AntoineSimoulin · AntoineSimoulin · commit 95ed7cf1d28f · 2025-05-25T19:45:57.000-07:00
Test Plan:
Run unit tests: `pytest test/test_transforms_v2.py -vvv -k "TestHorizontalFlip and test_kernel_bounding_boxes"` and `pytest test/test_transforms_v2.py -vvv -k "TestHorizontalFlip and test_bounding_boxes_correctness"`
diff --git a/test/test_transforms_v2.py b/test/test_transforms_v2.py
@@ -560,6 +560,71 @@ def affine_bounding_boxes(bounding_boxes):
     )
 
 
+def reference_affine_rotated_bounding_boxes_helper(bounding_boxes, *, affine_matrix, new_canvas_size=None, clamp=True):
+    format = bounding_boxes.format
+    canvas_size = new_canvas_size or bounding_boxes.canvas_size
+
+    def affine_rotated_bounding_boxes(bounding_boxes):
+        dtype = bounding_boxes.dtype
+        device = bounding_boxes.device
+
+        # Go to float before converting to prevent precision loss in case of CXCYWHR -> XYXYXYXY and W or H is 1
+        input_xyxyxyxy = F.convert_bounding_box_format(
+            bounding_boxes.to(dtype=torch.float64, device="cpu", copy=True),
+            old_format=format,
+            new_format=tv_tensors.BoundingBoxFormat.XYXYXYXY,
+            inplace=True,
+        )
+        x1, y1, x3, y3, x2, y2, x4, y4 = input_xyxyxyxy.squeeze(0).tolist()
+
+        points = np.array(
+            [
+                [x1, y1, 1.0],
+                [x3, y3, 1.0],
+                [x2, y2, 1.0],
+                [x4, y4, 1.0],
+            ]
+        )
+        transformed_points = np.matmul(points, affine_matrix.astype(points.dtype).T)

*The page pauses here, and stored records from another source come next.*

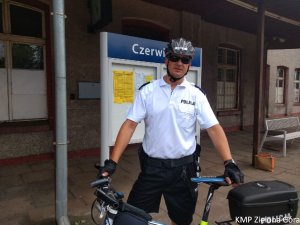 Zdjęcie policjanta stojącego przy rowerze na dworcu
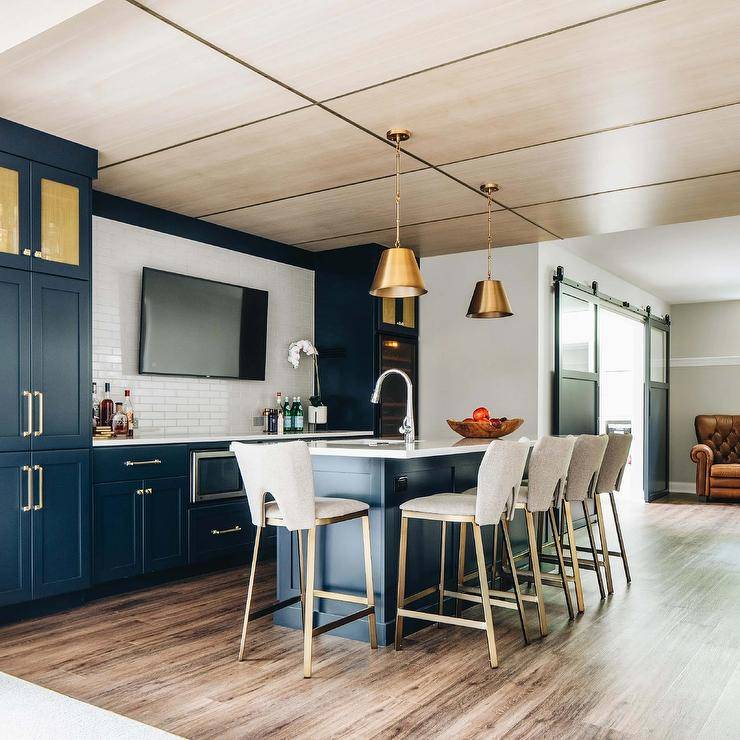 Two brass drum pendants hang over a blue kitchenette island matched with light gray linen counter stools placed at a white quartz countertop holding a sink with a polished nickel gooseneck faucet. A flat panel TV is mounted to white brick tiles between peacock blue and gold cabinets stacked over peacock bleu cabinets and a glass front wine fridge.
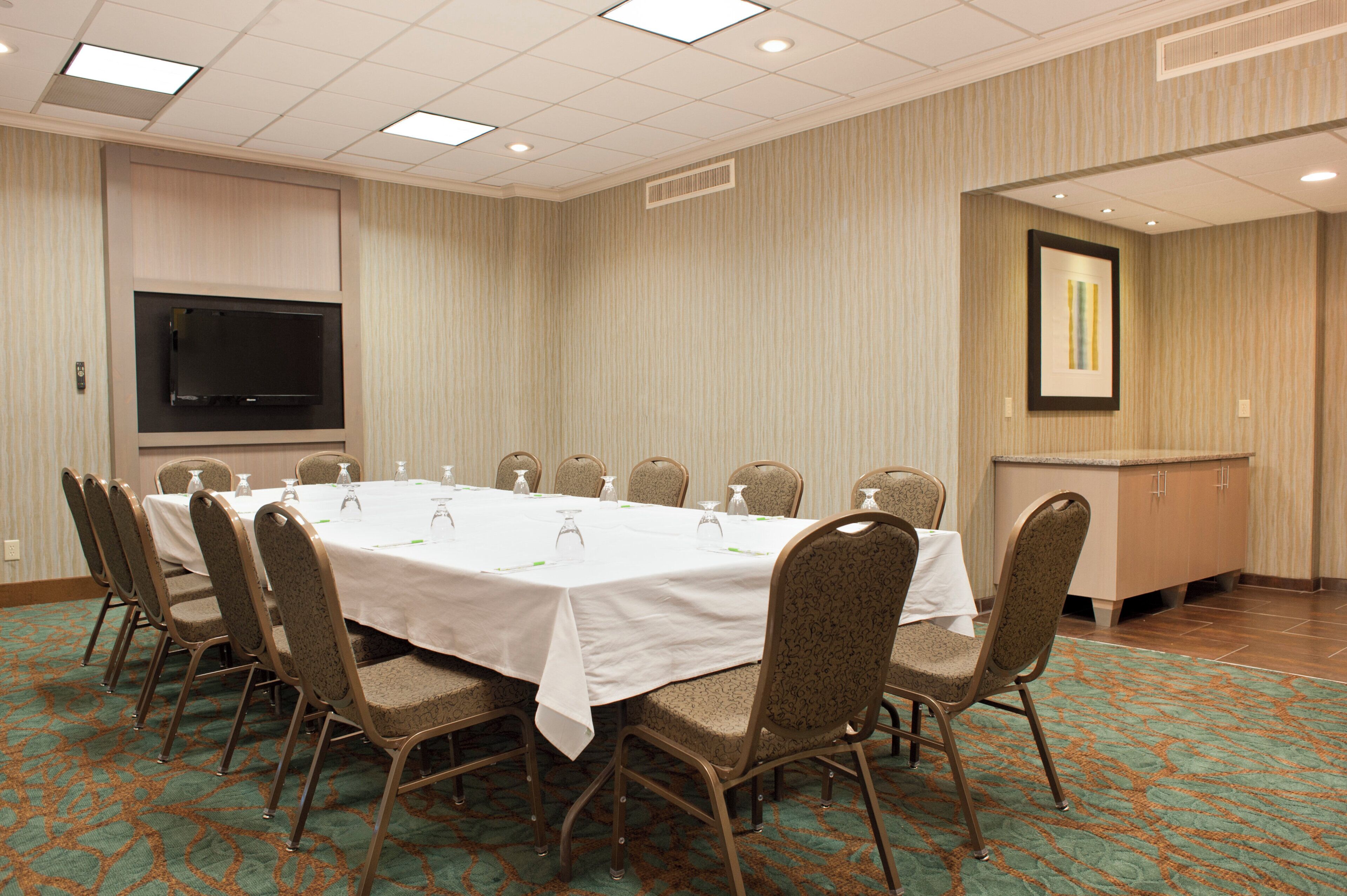 A conference room with a long table, chairs, a flat-screen TV, and a framed picture on the wall.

+        output = torch.Tensor(
+            [
+                float(transformed_points[0, 0]),
+                float(transformed_points[0, 1]),
+                float(transformed_points[3, 0]),
+                float(transformed_points[3, 1]),
+                float(transformed_points[2, 0]),
+                float(transformed_points[2, 1]),
+                float(transformed_points[1, 0]),
+                float(transformed_points[1, 1]),
+            ]
+        )
+
+        output = F.convert_bounding_box_format(
+            output, old_format=tv_tensors.BoundingBoxFormat.XYXYXYXY, new_format=format
+        )
+
+        if clamp:
+            # It is important to clamp before casting, especially for CXCYWH format, dtype=int64
+            output = F.clamp_bounding_boxes(
+                output,
+                format=format,
+                canvas_size=canvas_size,
+            )
+        else:
+            # We leave the bounding box as float64 so the caller gets the full precision to perform any additional
+            # operation
+            dtype = output.dtype
+
+        return output.to(dtype=dtype, device=device)
+
+    return tv_tensors.BoundingBoxes(
+        torch.cat([affine_rotated_bounding_boxes(b) for b in bounding_boxes.reshape(-1, 5 if format != tv_tensors.BoundingBoxFormat.XYXYXYXY else 8).unbind()], dim=0).reshape(
+            bounding_boxes.shape
+        ),
+        format=format,
+        canvas_size=canvas_size,
+    )
+
 class TestResize:
     INPUT_SIZE = (17, 11)
     OUTPUT_SIZES = [17, [17], (17,), None, [12, 13], (12, 13)]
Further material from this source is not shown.